▶ [Your task]:
With the pictures left out, write out exactly the lines of the listing below that run from the line with "BestPorn85: Kaia Kane в Skank туннель" through the line with "Used 2019 Ford Mustang Premium RWD image 17".

▶ [Data for review]:
□ □ □ □
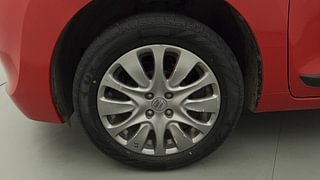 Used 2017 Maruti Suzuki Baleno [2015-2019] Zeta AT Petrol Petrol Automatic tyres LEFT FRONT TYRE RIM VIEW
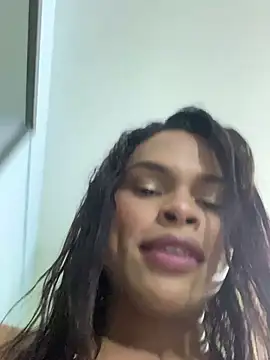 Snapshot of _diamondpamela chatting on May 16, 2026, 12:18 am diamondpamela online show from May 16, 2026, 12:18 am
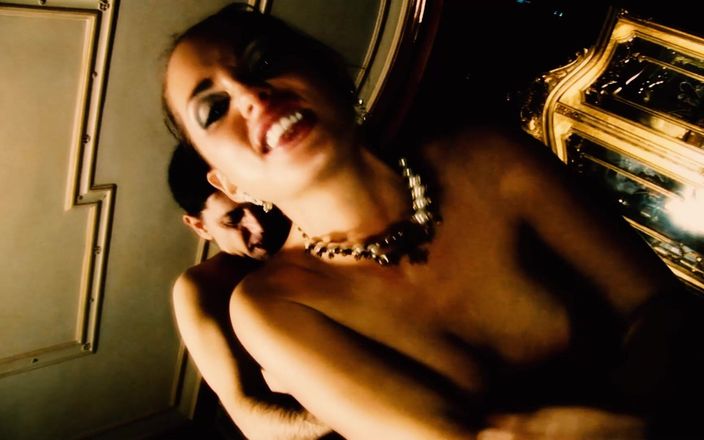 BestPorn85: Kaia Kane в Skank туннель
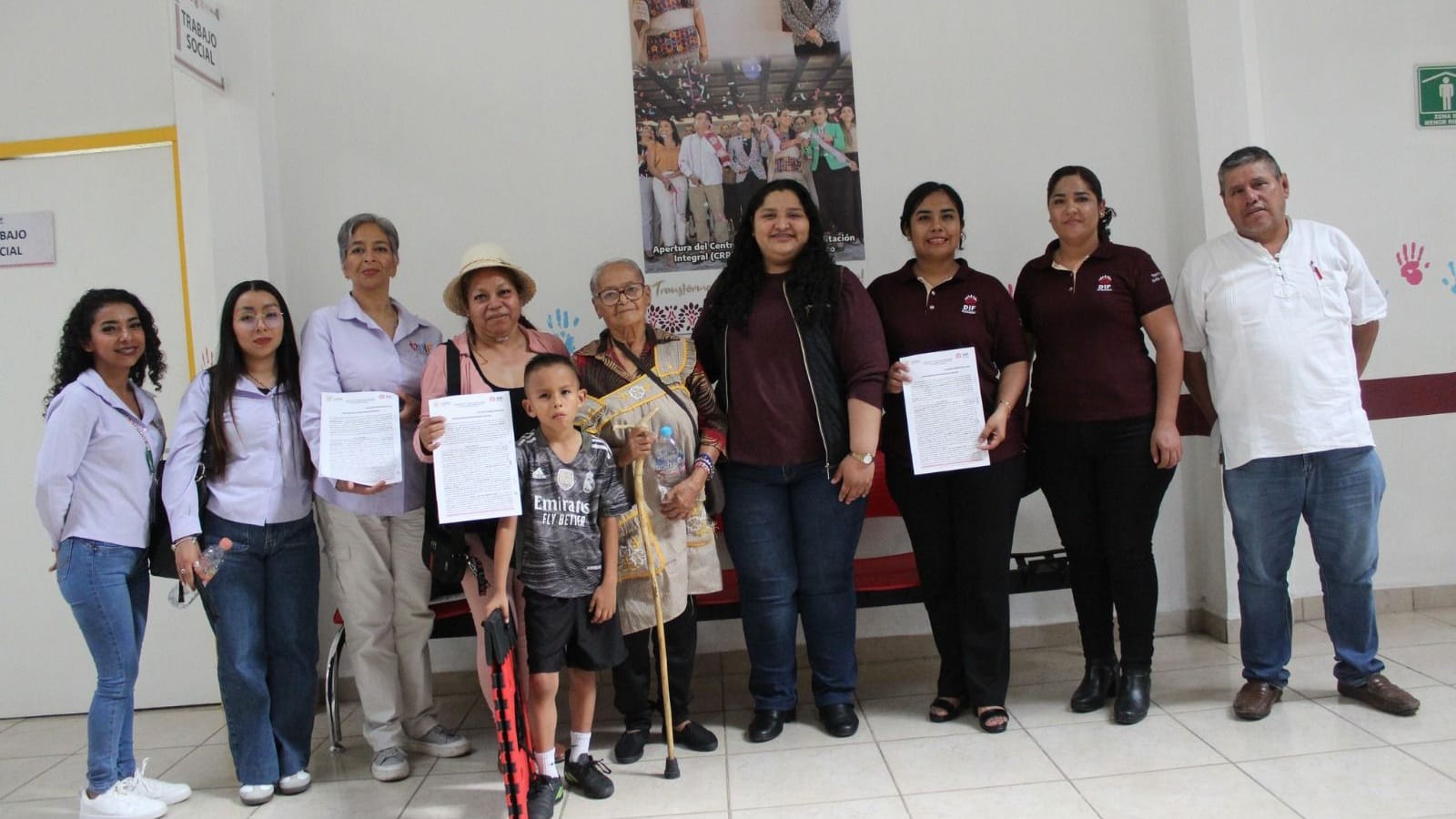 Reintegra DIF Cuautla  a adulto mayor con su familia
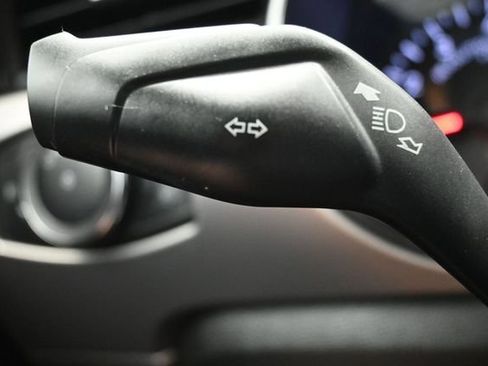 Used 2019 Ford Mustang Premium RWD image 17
□ □ □ □
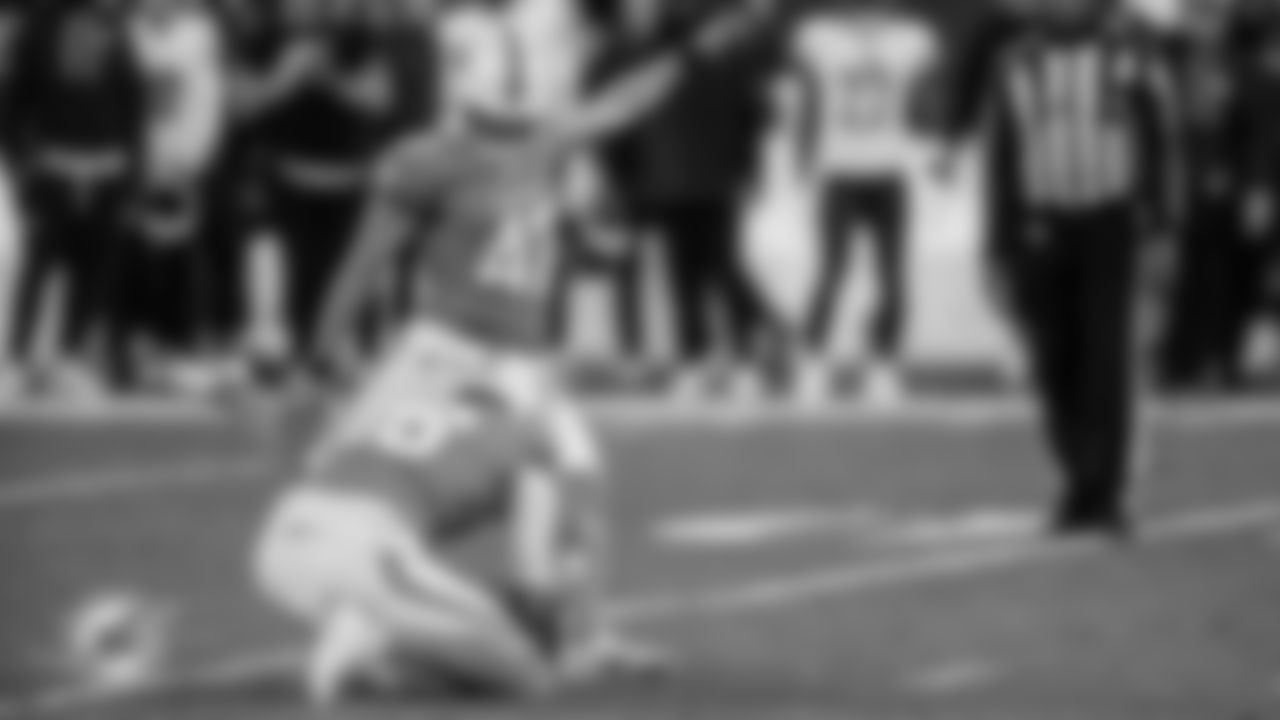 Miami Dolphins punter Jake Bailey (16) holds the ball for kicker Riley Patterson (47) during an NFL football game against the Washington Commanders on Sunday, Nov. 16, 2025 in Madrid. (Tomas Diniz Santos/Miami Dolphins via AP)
□ □ □ □
▶ [Answer for the task]:
 BestPorn85: Kaia Kane в Skank туннель
 Reintegra DIF Cuautla  a adulto mayor con su familia
 Used 2019 Ford Mustang Premium RWD image 17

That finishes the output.